We've included some highlights below, edited for length and clarity. For the full discussion including reviews of Sorry, Baby and Heads of State, listen and follow Commotion with Elamin Abdelmahmoud on your favourite podcast player.
Rad: Alison, this is the fourth in the Jurassic World series, and then, of course, the seventh in this franchise that began 32 years ago with Jurassic Park. Does this installment justify its existence?
Alison: I feel like several of these Jurassic Worlds have had trouble justifying their existence, except that they've all made over a billion dollars, which I guess is the actual justification from a most basic standpoint.
A constant drumbeat in Jurassic World is that people just get bored of dinosaurs easily. You know, they have to keep coming up with mutant dinosaurs to please these fickle audiences…. But it's funny that this movie actually, I think, achieves being boring. You've done it, you have finally fulfilled the prophecy. I'm such a sucker for dinosaur action. I'm, like, "Is it going to eat that guy? It ate that guy!" But in this movie, it just really struggles to come up with a reason why ScarJo and her team will have to go. It's like a video game quest, for "reasons" we need to sample blood from a big flying dinosaur and a swimming dinosaur and all. It feels like [the film] itself is frustrated with having to come up with new scenarios, while also hitting the beats we expect from a Jurassic movie. So I think it'll probably make a lot of money anyway because people are also suckers for dino action, like me. But it is the least motivated of all of these movies that I've seen so far.
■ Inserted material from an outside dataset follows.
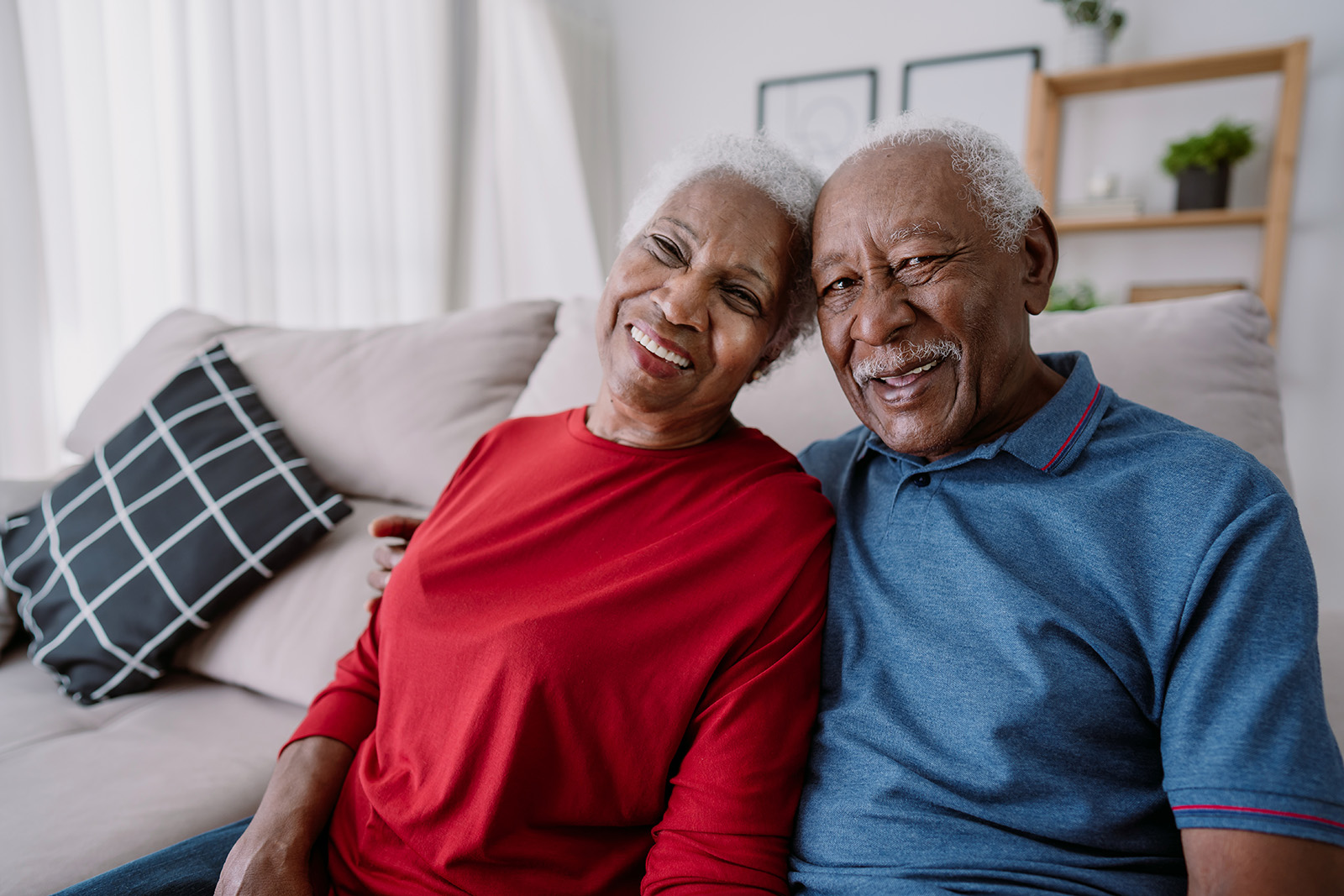 Portrait of an elderly couple at home.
Rad: Jackson, you have a cast here, Oscar winners, very celebrated actors. Do they elevate this from being the typical Hollywood sequel slot?
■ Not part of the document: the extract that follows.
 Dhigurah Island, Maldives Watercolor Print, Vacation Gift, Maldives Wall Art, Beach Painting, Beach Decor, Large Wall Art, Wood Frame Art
Jackson: They definitely elevate it. But they elevate it from garbage to garbage with a bow on it — really that's as best as I can say. Because we do have one of the best actors, I think, in this movie, or best characters in this movie, played by David Iacono. He plays Xavier, the lazy layabout, Pete Davidson-type character. The actor himself does such a good job of making him interesting to watch, but the writing fails him at every turn. And it fails all of the actors, because Mahershala Ali kind of does the same thing.
But when you get a formulaic movie, formulas work for a reason because they have a beginning, middle, end, an arc that makes you satisfied and interested. These character archetypes do not understand why they're character archetypes. Zora Bennett, the Scarlett Johansson character, is supposed to be an Indiana Jones clone, but there's no heart to her character, no reason to care what she's doing, so she's just gruff and mean to people for no reason. The doctor character played by Jonathan Bailey is basically just Milo from the Atlantis movies — except in those movies, he wanted to find Atlantis to prove his grandpa's legacy right and to change his connection to humanity in general and find out that these things are real living beings on the page. But this doctor just likes dinosaurs, sees a dinosaur, says, "Great, dinosaurs!" and the movie just goes forward.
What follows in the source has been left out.